_Exercise aim_
Each entry is to be retyped exactly as it appears, and each image is to be dropped.

--- Data shown Enclosed Below ---

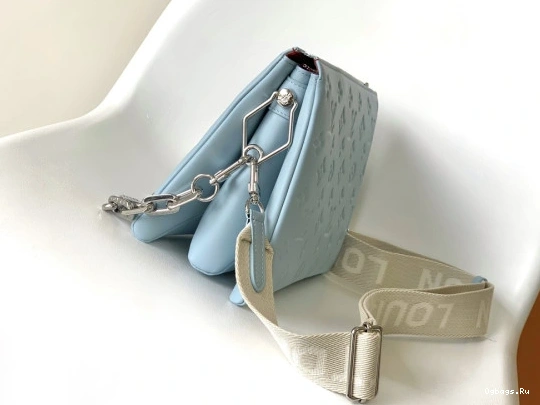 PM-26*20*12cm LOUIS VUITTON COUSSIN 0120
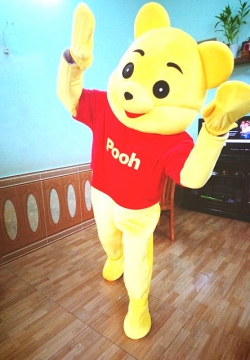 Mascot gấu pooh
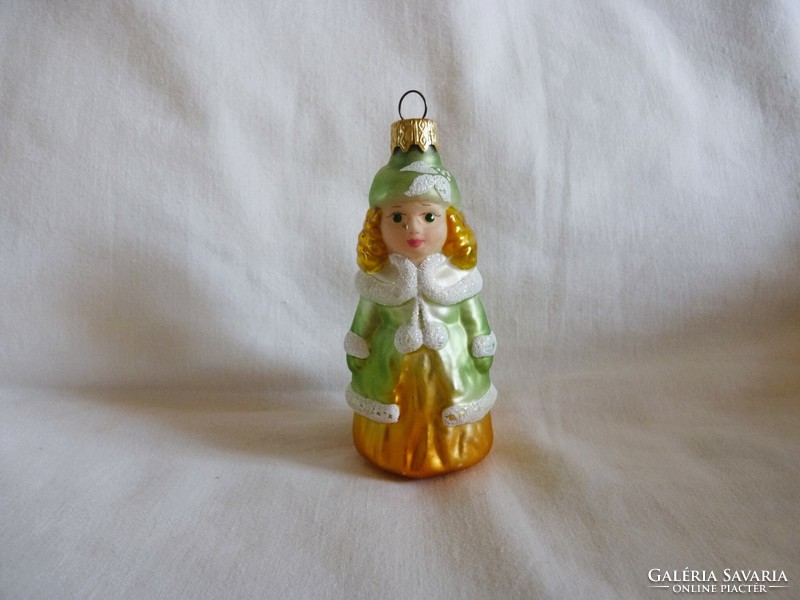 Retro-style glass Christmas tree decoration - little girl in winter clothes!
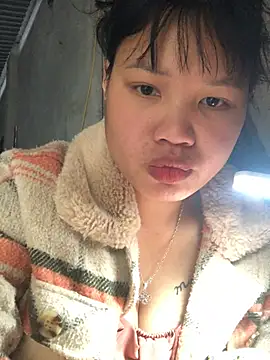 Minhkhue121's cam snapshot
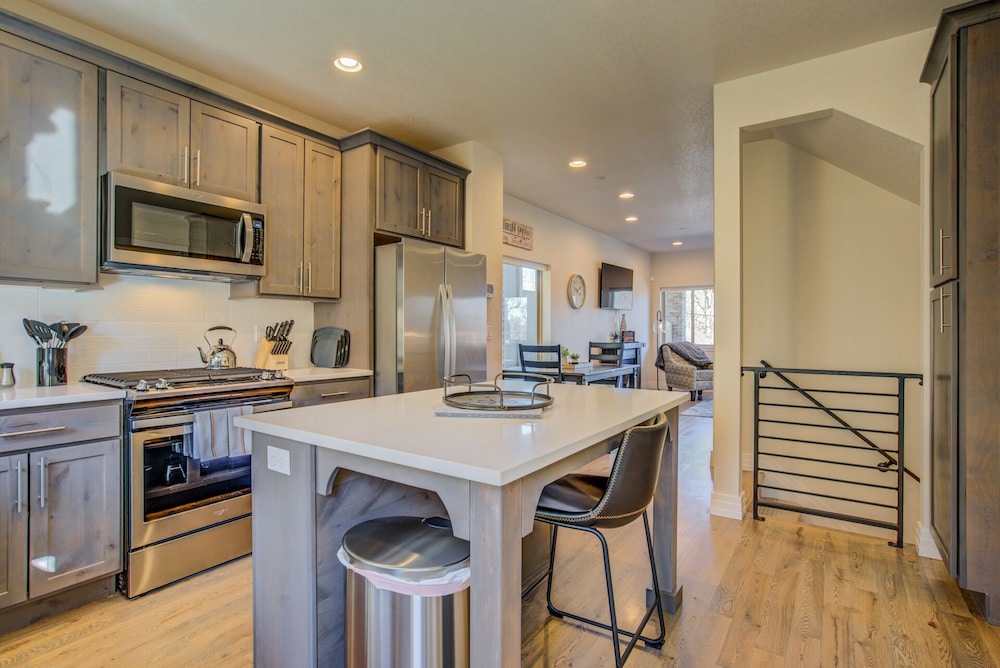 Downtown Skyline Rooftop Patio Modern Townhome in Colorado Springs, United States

--- End of Enclosed Data shown ---

_Task response_
 PM-26*20*12cm LOUIS VUITTON COUSSIN 0120
 Mascot gấu pooh
 Retro-style glass Christmas tree decoration - little girl in winter clothes!
 Minhkhue121's cam snapshot
 Downtown Skyline Rooftop Patio Modern Townhome in Colorado Springs, United States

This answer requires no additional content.